I found a very good solution to this problem without using any UDF, posexplode is a very good solution :

SELECT COOKIE ,
ePRODUCT_ID,
eCAT_ID,
eQTY
FROM TABLE 
LATERAL VIEW posexplode(PRODUCT_ID) ePRODUCT_IDAS seqp, ePRODUCT_ID
LATERAL VIEW posexplode(CAT_ID) eCAT_ID AS seqc, eCAT_ID
LATERAL VIEW posexplode(QTY) eQTY AS seqq, eDateReported
WHERE seqp = seqc AND seqc = seqq;

Question 3

You can do this by using posexplode, which will provide an integer between 0 and n to indicate the position in the array for each element in the array.
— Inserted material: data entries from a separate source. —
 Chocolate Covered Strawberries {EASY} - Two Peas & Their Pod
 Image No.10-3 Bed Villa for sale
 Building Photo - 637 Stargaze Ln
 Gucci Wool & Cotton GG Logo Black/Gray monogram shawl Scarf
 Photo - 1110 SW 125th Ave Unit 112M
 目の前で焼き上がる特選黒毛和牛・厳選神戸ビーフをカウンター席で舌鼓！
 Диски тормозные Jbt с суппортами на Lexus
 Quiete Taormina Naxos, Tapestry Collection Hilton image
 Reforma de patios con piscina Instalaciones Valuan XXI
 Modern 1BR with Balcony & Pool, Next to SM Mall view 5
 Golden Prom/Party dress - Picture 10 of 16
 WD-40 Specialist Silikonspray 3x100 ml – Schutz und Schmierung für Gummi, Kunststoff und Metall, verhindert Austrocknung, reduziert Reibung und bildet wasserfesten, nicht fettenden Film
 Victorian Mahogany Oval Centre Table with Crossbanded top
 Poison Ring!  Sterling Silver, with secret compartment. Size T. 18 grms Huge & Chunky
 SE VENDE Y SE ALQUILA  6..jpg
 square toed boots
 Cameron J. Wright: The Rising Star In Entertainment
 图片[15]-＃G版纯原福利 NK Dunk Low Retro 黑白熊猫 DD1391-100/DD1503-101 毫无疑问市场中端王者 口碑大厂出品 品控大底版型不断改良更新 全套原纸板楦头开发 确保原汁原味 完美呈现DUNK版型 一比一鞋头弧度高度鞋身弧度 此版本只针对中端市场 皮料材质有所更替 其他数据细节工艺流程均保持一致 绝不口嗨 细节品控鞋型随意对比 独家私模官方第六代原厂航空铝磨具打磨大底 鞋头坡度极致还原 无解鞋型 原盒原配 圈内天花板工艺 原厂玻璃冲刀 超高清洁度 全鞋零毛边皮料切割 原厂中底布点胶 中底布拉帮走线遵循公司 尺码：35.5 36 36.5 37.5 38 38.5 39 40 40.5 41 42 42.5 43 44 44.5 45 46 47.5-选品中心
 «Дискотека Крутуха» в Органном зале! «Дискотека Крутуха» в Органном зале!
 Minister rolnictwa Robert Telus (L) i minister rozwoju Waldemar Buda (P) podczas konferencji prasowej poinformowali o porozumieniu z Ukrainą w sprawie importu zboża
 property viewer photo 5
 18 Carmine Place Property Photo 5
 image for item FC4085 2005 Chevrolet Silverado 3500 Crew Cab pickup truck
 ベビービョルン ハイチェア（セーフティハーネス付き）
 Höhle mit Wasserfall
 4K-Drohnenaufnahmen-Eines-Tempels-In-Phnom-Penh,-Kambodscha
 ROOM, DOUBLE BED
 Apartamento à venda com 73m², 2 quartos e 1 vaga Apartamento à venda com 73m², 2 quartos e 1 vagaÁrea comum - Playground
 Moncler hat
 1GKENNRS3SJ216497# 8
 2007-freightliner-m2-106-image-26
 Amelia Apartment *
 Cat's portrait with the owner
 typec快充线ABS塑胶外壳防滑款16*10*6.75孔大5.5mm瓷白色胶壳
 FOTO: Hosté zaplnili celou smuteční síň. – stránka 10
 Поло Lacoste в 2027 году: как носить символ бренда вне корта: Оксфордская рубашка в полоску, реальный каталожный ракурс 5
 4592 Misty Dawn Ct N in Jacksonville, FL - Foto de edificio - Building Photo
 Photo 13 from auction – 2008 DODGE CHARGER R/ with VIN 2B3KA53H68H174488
Then use this integer - call it pos (for position) to get the matching values in other arrays, using block notation, like this:

select 
  cookie, 
  n.pos as position, 
  n.prd_id as product_id,
  cat_id[pos] as catalog_id,
  qty[pos] as qty
from table
lateral view posexplode(product_id_arr) n as pos, prd_id;

This avoids the using imported UDF's as well as joining various arrays together (this has much better performance).

Question 4

If you are using Spark 2.4 in pyspark, use arrays_zip with posexplode:

df = (df
    .withColumn('zipped', arrays_zip('col1', 'col2'))
    .select('id', posexplode('zipped')))

Question 5

I tried to work out on your scenario... please try this code -

create table info(cookie string,productid int,catid string,qty string);

insert into table info
select cookie,productid[myprod],categoryid[mycat],qty[myqty] from table
lateral view posexplode(productid) pro as myprod,pro
lateral view posexplode(categoryid) cate as mycat,cate
lateral view posexplode(qty) q as myqty,q
where myprod=mycat and mycat=myqty;

Note - In the above statements, if you place - select cookie,myprod,mycat,myqty from table in place of select cookie,productid[myprod],categoryid[mycat],qty[myqty] from table in the output you will get the index of the element in the array of productid, categoryid and qty. Hope this will be helpful.